BYUH unveils Hawaiian Studies program

[Story by Mike Foley: Originally published in KALEO, February 26, 1998]

Hawaiian Studies hulaAll the hopes and emotions of a long-time vision being fulfilled were on display the evening of Feb. 12 when the Center for Hawaiian Language and Cultural Studies at Brigham Young University-Hawaii was introduced to the public.

The new program’s introduction occurred on Founders Day — 43 years exactly since The Church of Jesus Christ of Latter-day Saints, led by President David O. McKay, founded the new college in Laie.

Photo caption: Professor William K. Wallace III (right) jumped impromptu into the Moloka‘i Nui Ahina hula as part of the BYUH Hawaiian Studies celebration. —photo by Lester Muranaka

“The start of the Hawaiian Studies Center is one of the proudest and most important moments in the history of this University,” said BYUH President Eric Shumway. “Many residents throughout Laie and the North Shore, including myself, have anxiously waited for the time when a Hawaiian-based educational program would be offered at BYU-Hawaii. This is a great opportunity for the students of today and the future.”

Professor William Kauaiwi’ulaokalani Wallace III will lead the new Center and develop its curriculum, along with Kamoa’e Walk. The Center will work closely with kupuna, educators, students and Koolauloa residents in formulating the scope of the entire program.

Wallace choked up while sharing the vision for the Center and recounting his own cultural experiences growing up on the island of Molokai. “The Center will develop and support a network of Hawaiian language and cultural teachers, educators, and professionals that will actively preserve and perpetuate positive Hawaiian cultural values and practices committed to the principles of lokahi, laulima, kokua, and aloha,” said Wallace.

He added the Center will be a place where Native Hawaiians can fulfill their need for personal or collective strength. “The new Center will provide Native Hawaiian students and community members with a crucial sense of place, be a physical symbol of their cultural identity, and a site of strength and support central to their education and future roles as leaders and teachers,” he said.

Anticipated outdoor classroom activities will include raising Native Hawaiian plants, undertaking projects such as canoe building and navigation—important to the Hawaiian heritage, and identifying and studying historic cultural sites in and around Laie.

A major goal of the Center is to produce qualified educators and professionals who can teach Hawaiian in Hawaiian language schools and immersion programs.

If the kickoff celebration was any indication, the program is off to a great start. The evening was filled with beautiful music and hula, emotion-filled chants from Laie kupuna and the presentation of ho’okupu, draping the Viliami Toluta’u Napela-Cannon sculpture with leis, inspiring cultural demonstrations, and messages of support for a program that begins in the 1998 Fall Semester after years of hoping and planning. Many of the participants, most notably the BYUH students, spoke fluent Hawaiian throughout the evening.

A generous grant of $619,000 from the W.K. Kellogg Foundation is providing an impressive measure of financial support for the new Center.

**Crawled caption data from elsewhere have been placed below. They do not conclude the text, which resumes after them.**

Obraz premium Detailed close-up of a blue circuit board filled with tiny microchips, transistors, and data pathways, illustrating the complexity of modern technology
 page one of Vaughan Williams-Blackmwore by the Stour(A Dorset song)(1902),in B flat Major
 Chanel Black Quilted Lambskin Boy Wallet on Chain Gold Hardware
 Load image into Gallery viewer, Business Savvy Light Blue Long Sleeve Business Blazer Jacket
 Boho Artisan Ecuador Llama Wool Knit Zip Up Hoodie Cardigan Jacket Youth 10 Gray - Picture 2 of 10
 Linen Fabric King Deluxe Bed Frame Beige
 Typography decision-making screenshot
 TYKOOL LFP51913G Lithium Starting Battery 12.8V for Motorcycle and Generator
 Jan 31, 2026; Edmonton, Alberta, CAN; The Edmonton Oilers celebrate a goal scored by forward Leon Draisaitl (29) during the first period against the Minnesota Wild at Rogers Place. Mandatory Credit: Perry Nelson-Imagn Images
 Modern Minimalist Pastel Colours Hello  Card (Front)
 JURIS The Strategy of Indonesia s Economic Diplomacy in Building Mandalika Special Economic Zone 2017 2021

The Michigan-based Foundation is dedicated to improving the quality of life for native Americans and other indigenous people. The Foundation’s backing will be instrumental to the Center’s success for many generations.

Community organizations providing their support include the Laie Community Association, Laie Kupuna Council, Lanihuli Hawaiian Civic Club, Friends of Mälaekahana, Polynesian Cultural Center, Institute for Polynesian Studies, Hawaii Reserves, Inc., and Na Pilikana O Ko’olauloa.